New Delhi, Jan.30: The Central Government has taken note of the US Federal Reserve’s decision to reduce the level of purchase of mortgage-backed securities and longer-term treasury securities to USD 65 billion per month as against USD 75 billion per month.
This decision was expected and should not in any way surprise or affect the Indian markets. However, it may be noted that USD 65 billion is not a small sum, and will continue to infuse a large amount of liquidity into the world markets.
The Federal Reserve has not announced a sequential taper and has made it clear that ‘asset purchases are not on a pre-set course’ and that they will take ‘further measured steps at future meetings.’
The Federal Reserve has also made it clear that the result of the decision will be a “sizeable and still-increasing holdings of longer-term securities”.
The Federal Reserve has also “reaffirmed its expectations that the current exceptionally low target range for the federal funds rate of 0 to 1/4 percent will be appropriate at least as long as the unemployment rate remains above 61/2 percent”.
As Government has stated earlier, India’s economy is better prepared for the consequences, if any, of the taper.
“We have added to our foreign exchange reserves which stand at USD 295 billion.
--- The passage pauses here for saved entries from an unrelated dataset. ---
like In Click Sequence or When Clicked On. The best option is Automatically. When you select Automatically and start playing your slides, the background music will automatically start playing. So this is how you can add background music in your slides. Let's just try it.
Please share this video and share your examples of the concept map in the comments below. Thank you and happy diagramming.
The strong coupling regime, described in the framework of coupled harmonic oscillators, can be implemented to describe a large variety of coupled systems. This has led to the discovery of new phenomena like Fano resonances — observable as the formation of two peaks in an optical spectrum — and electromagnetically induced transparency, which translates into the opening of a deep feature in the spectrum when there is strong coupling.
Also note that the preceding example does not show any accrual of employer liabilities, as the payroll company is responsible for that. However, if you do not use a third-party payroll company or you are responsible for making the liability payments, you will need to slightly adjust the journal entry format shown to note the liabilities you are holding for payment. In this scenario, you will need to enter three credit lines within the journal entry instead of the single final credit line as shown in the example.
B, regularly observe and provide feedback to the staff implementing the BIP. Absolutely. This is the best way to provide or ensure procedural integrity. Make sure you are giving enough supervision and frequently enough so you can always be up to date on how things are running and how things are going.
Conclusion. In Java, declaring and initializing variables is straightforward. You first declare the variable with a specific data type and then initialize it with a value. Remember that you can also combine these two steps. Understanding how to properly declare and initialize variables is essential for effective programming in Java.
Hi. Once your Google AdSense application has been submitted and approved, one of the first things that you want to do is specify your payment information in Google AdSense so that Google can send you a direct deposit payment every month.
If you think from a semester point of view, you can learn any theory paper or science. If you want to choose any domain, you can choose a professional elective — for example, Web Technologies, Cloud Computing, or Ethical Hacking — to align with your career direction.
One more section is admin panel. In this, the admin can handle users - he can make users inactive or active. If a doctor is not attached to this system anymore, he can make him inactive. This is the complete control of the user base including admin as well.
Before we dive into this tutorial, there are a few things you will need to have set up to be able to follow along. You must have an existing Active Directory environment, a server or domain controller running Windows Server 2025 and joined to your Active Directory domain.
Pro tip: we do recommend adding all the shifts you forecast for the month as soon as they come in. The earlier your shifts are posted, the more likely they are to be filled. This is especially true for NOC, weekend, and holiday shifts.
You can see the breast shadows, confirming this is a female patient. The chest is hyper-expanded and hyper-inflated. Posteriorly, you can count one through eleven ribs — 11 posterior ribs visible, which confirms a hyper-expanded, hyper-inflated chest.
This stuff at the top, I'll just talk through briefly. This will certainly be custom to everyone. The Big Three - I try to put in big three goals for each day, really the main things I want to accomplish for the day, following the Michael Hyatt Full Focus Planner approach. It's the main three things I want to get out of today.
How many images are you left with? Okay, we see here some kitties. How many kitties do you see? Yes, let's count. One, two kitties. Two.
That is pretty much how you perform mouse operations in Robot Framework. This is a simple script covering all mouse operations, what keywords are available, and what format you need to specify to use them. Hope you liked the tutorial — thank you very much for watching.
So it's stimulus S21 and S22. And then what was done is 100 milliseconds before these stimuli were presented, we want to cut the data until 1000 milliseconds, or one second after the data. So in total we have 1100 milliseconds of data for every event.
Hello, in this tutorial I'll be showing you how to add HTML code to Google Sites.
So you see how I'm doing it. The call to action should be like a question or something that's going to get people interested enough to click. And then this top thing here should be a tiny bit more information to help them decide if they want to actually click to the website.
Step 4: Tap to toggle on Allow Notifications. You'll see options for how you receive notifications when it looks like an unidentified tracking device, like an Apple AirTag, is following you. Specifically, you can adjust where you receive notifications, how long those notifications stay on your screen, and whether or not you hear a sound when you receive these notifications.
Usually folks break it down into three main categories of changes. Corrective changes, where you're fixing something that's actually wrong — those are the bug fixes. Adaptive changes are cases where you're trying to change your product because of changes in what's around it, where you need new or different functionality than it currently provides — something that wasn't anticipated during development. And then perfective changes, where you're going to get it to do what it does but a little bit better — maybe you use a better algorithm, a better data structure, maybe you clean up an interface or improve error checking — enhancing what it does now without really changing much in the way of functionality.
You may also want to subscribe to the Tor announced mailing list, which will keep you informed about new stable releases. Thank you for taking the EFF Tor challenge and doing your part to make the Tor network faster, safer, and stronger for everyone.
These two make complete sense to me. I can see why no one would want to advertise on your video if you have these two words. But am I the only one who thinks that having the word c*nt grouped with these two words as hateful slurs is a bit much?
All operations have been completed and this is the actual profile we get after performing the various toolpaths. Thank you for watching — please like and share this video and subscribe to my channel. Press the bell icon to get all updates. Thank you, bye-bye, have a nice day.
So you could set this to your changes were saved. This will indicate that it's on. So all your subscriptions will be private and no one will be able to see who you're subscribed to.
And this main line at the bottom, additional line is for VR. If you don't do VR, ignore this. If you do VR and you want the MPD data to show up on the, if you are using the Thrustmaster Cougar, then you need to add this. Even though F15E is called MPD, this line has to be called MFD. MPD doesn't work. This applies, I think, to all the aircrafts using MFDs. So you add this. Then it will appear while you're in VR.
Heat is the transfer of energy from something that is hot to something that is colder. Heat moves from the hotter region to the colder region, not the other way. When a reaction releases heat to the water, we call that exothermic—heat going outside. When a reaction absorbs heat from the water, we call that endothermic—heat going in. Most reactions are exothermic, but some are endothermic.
FDI and FII inflows continue to be robust, liquidity is comfortable, stronger regulations have been put in place in the capital markets; the investment cycle appears to have turned positive, credit demand from key sectors is strong, and WPI inflation has moderated,” a statement released by Ministry of Finance said.
The Current Account Deficit which was earlier estimated at USD 70 billion is now expected to be below USD 50 billion in 2013-14. Therefore, there should be no undue concern over external factors.
However, both the Government and the Reserve Bank of India (RBI) will continue to remain vigilant and will take whatever steps are necessary to ensure that there is stability in the financial markets. (ANI)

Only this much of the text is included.